End-to-End Model-Free Reinforcement Learning for Urban Driving using Implicit Affordances 
###########################################################################################

.. toctree::
    :maxdepth: 2

.. role:: code-bash(code)
    :language: shell

`Implicit Affordances <https://arxiv.org/abs/1911.10868>`_ is an end-to-end auto driving
policy trained with Supervised Learning as well as Reinforcement Learning. It first trains
backbone network with some implicit information as label, then freezes the backbone network
and train the head of network using RL.
It takes 4-frame RGB captured by front camera as in put.
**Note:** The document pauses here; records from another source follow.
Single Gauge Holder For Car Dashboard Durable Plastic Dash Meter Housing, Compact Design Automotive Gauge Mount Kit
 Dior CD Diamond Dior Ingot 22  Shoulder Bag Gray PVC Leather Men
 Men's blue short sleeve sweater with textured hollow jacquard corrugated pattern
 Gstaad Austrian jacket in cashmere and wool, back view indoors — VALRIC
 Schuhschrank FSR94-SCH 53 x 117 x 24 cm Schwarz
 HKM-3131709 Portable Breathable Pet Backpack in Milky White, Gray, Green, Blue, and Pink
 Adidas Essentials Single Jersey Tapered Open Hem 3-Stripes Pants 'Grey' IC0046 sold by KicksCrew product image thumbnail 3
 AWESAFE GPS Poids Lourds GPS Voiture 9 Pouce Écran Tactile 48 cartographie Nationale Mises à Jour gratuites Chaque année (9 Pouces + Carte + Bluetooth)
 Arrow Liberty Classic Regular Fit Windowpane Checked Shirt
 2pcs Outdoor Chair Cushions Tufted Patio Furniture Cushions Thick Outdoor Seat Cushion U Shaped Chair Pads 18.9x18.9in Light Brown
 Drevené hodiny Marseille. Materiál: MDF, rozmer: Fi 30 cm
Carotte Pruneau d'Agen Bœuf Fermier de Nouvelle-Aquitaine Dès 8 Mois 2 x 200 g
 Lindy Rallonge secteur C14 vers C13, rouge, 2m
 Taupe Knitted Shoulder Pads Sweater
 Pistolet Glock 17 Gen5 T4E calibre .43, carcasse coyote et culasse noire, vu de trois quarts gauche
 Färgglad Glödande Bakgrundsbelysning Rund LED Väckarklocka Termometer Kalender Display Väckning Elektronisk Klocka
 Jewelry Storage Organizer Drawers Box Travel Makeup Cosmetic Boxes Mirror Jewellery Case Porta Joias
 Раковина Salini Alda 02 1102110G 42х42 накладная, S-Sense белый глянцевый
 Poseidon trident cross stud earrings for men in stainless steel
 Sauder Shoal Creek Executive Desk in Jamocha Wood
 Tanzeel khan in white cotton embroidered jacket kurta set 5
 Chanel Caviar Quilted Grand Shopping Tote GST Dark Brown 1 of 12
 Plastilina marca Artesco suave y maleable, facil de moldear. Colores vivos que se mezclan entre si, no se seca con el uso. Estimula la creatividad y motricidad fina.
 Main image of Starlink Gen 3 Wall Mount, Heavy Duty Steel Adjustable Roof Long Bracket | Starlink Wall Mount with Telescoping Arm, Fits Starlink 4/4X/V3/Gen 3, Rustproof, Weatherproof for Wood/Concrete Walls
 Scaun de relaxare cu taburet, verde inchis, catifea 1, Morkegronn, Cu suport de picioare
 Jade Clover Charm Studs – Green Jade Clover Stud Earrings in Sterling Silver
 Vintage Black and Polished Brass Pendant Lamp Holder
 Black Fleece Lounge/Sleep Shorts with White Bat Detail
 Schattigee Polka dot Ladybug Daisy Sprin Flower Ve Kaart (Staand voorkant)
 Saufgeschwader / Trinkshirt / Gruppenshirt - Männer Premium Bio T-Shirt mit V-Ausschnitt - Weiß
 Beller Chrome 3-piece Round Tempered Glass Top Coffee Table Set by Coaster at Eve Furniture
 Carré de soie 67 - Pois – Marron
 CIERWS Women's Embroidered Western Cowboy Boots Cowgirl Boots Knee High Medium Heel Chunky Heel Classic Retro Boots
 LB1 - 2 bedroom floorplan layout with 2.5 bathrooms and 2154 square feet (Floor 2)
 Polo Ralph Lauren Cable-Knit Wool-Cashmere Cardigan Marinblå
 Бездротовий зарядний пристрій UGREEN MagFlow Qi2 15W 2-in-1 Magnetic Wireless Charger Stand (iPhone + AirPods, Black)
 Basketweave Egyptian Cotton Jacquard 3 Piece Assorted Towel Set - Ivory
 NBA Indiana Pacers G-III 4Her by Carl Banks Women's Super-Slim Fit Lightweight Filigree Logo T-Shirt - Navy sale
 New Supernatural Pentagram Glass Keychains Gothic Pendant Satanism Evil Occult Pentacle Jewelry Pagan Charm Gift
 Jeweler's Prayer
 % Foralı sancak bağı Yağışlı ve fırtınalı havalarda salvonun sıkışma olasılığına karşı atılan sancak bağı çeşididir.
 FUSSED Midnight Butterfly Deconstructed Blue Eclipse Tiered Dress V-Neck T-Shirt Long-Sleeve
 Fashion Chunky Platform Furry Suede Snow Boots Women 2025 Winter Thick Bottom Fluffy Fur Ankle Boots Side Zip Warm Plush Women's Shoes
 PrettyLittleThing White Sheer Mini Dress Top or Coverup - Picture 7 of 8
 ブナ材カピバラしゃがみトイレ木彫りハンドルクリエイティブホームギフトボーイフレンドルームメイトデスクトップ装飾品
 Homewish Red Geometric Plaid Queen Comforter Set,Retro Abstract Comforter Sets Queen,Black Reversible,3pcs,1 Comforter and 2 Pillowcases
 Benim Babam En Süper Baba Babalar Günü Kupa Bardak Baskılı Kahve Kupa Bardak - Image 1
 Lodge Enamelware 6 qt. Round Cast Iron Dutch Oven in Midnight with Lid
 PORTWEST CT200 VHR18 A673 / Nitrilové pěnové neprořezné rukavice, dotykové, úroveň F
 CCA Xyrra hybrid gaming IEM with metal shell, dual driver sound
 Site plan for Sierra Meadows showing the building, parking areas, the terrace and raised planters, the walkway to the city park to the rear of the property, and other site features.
The model of the two training stage
is shown as follow.

.. figure:: ../../figs/implicit2.png
    :alt: implicit2
    :align: center
    :width: 600px

    SL training pipeline

.. figure:: ../../figs/implicit1.png
    :alt: implicit1
    :align: center

    RL training pipeline

We extend and modified some of the training and environment details to make *Implicit
Affordances* able to run in multi-lane maps in Carla. This is so far the **first** driving
policy to run `FullTown` navigation in Carla using Reinforcement Learning. It achieves the
same performance as in single-lane maps.

Training Models
================
1. Start one or more CARLA server instances

2. Prepare dataset for supervised leanring

    .. code:: shell

        python collect_data.py

    Something you need to modify in the config of ``collect_data.py``:

    - save_dir: the root dir of dataset
    - server: your Carla servers' ip and port
    - env_num: how many subprocesses(envs) to use for collecting data

3. Pre-train the encoder in a supervised way

    .. code:: shell

        python train_sl.py

    Something you need to modify in ``train_sl.py``:

    - gpus: the list of gpus
    - log_dir: save log and models
    - dataset_dir: the root dir of dataset

4. Train the agent with reinforcement Learning, the log and models will be saved in ``./log``

    .. code:: shell

        python train_rl.py --supervised_model_path /path/to/supervised_model.pth \
        --crop-sky

    Something you need to modify in ``train_rl.py``:

    - train_host_ports: your Carla servers' ip and port for training
    - val_host_ports: your Carla servers' ip and port for evaluation
    - env_num: how many subprocesses(envs) to use for training
    - town: if you want to train agents in the environment with multiple lanes, it can be set to Town04. Otherwise, it can be set to Town01 or Town02

Benchmarking models
===================
1. Make dirs

.. code-block:: bash

    mkdir [MODEL_PATH] && cd [MODEL_PATH]
    mkdir model_supervised
    mkdir model_RL
    
2. Copy the pre-train model into ``[MODEL_PATH]/model_supervised`` and copy the rl model into ``[MODEL_PATH]/model_RL``

3. Run

    .. code:: shell

        python eval.py --crop-sky --path-folder-model [MODEL_PATH]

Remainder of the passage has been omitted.